Dez anos após a introdução dos serviços de microfinança, o Banco Kabayan tem cerca de 9.000 clientes deste tipo, tendo concedido empréstimos no valor de nove milhões de dólares; recebeu 1,7 milhões de dólares de poupanças dos seus clientes, demonstrando aos próprios clientes a sua capacidade de poupança.

A chave do sucesso do programa é um sólido relacionamento com os clientes, não só por parte dos funcionários que se ocupam dos empréstimos, controlando-os semanalmente os pagamentos: os responsáveis das filiais, apesar de terem uma infinidade de tarefas, acolhem cada grupo que chega para obter um empréstimo, ouve-o a encoraja-o: visitando os clientes, nos momentos de crise da sua empresa, toma-se também conhecimento da sua situação familiar, para procurar ajudá-los a voltar a encarreirar as suas vidas.

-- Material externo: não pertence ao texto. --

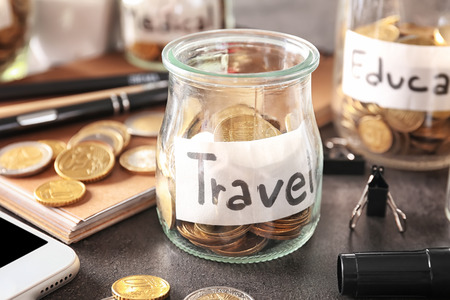Glass jar with savings for travel and coins on tableの写真素材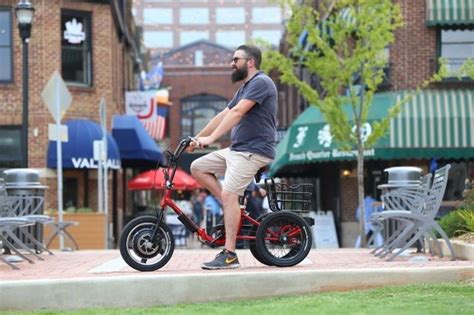 I'ts got a small electric motor, two rear wheels and a basket for carrying stuff. Liberty Trike: 3-wheel electric bike for adults - Device-Boom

A direção aprendeu a ouvir as exigências dos clientes da microfinança, descobrindo neste setor um potencial de rendimentos mais elevados caso se oferecessem serviços financeiros adequados.

O contacto frequente com os clientes, a frequência dos reembolsos e o elevado número das transações, precisamente do microcrédito, exigem maiores custos de gestão, pelo que os juros aplicados são superiores aos dos empréstimos garantidos. Nos últimos anos têm-se feito várias pesquisas para reduzir o custo de gestão dos serviços para os pobres e para os clientes que vivem em zonas de difícil acesso, onde foram postos em prática serviços através do telemóvel.

Por vezes porém as redes telemáticas são insuficientes e escasseiam os centros de câmbio de papel-moeda; além disso as relações pessoais com o funcionário não existe e às vezes ainda há medo que o dinheiro, quando transferido por telefone, se possa perder no ar.

Um banco comercial com uma empresa telefónica do mesmo grupo anunciou empréstimos por telemóvel, mas a demonstrar os múltiplos desafios ainda existentes nada se realizou.

Nos últimos cinco anos o fator proximidade, que é um ponto forte do paradigma da Economia de Comunhão, teve como efeito conter a expansão do Banco Kabayan no interior da província de Batangas.

Com efeito, em lugar de alargar os serviços existentes a uma área geográfica mais vasta, optou-se por uma estratégia de saturação, que consiste em oferecer um maior número de serviços a um número reduzido de clientes. Assim, enquanto o número de negócios nos últimos dez anos continuou a crescer, o número de clientes não cresceu na mesma proporção; pelo contrário, cresceu o número de produtos financeiros disponíveis para os seus micro-clientes históricos: empréstimos para capital circulante e para os estudos, micro-empréstimos para a casa, e ultimamente também micro-seguros.

Num período de forte concorrência e também de possível inquinamento do microcrédito, a escolha de consolidar as relações existentes com os clientes históricos talvez tenha contribuído para tornar especial a microfinança do Banco Kabayan.